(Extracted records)

= = =

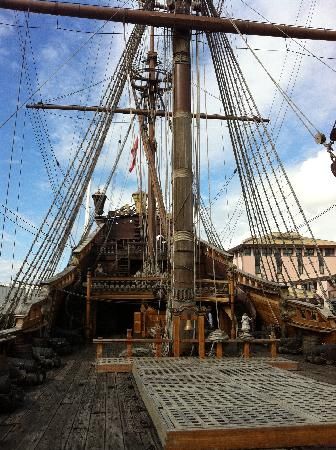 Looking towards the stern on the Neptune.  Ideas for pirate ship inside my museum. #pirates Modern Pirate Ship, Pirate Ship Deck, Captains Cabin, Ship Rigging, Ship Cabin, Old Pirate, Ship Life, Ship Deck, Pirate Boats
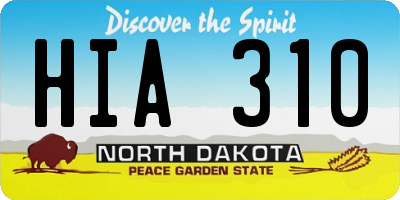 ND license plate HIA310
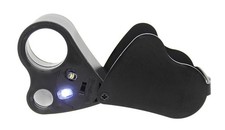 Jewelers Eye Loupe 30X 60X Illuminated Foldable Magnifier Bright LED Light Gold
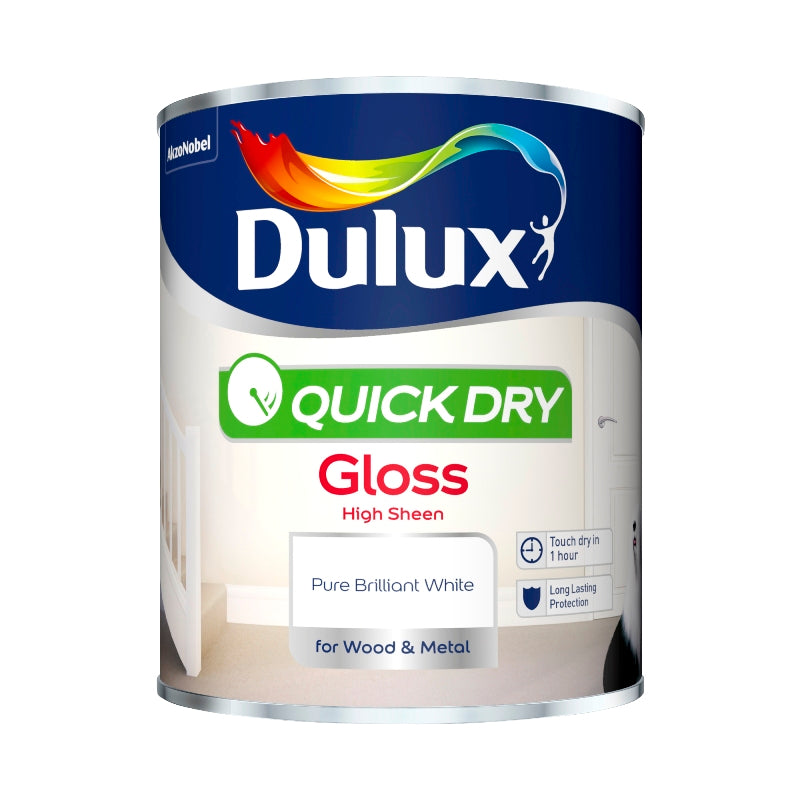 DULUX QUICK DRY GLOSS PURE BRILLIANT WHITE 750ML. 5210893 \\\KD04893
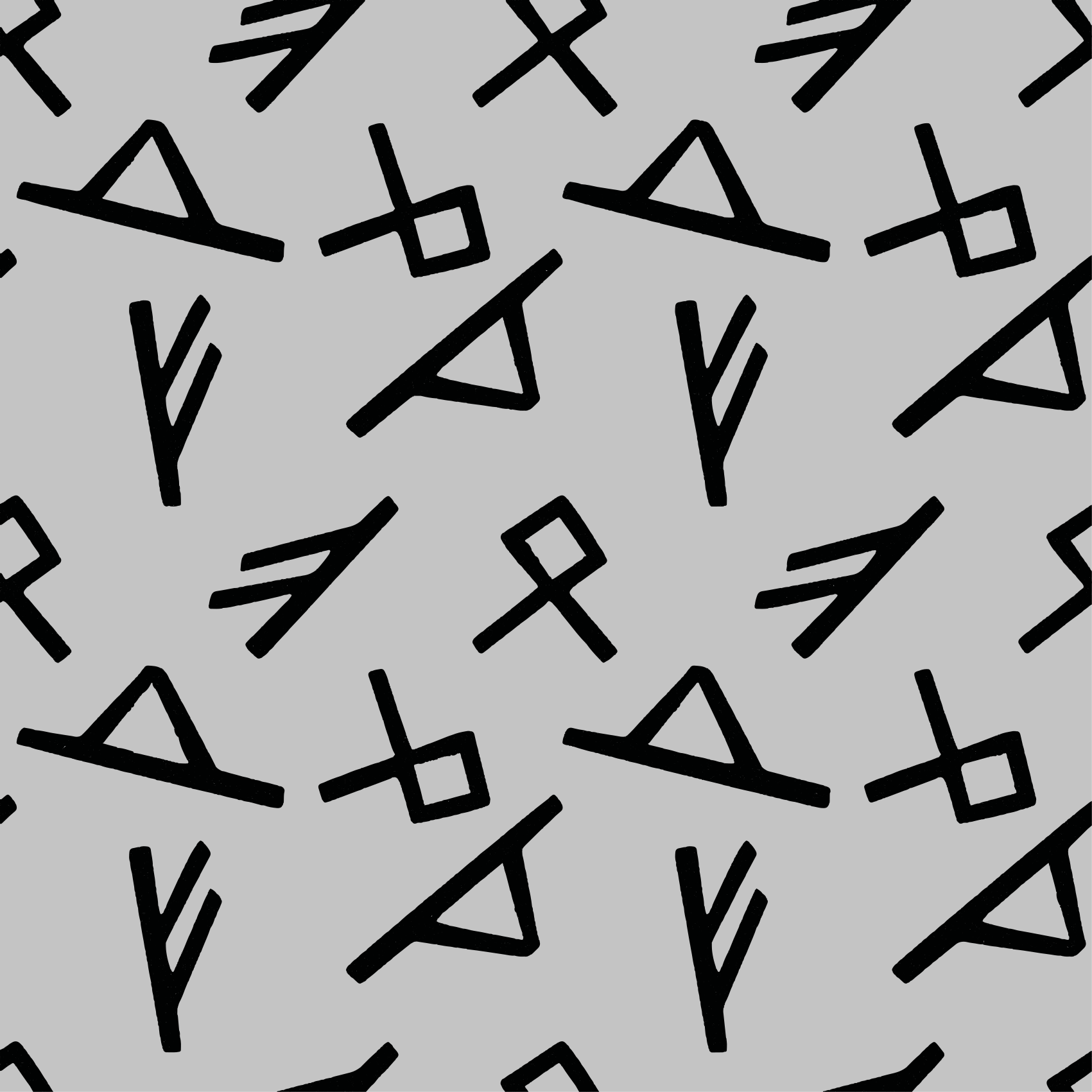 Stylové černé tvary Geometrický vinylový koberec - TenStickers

= = =

## Exercise requirements
Write out, word for word, the lines from the first line of the entries through the one containing "ND license plate HIA310", both included. Leave out the pictures.

## Your solution
 Looking towards the stern on the Neptune.  Ideas for pirate ship inside my museum. #pirates Modern Pirate Ship, Pirate Ship Deck, Captains Cabin, Ship Rigging, Ship Cabin, Old Pirate, Ship Life, Ship Deck, Pirate Boats
 ND license plate HIA310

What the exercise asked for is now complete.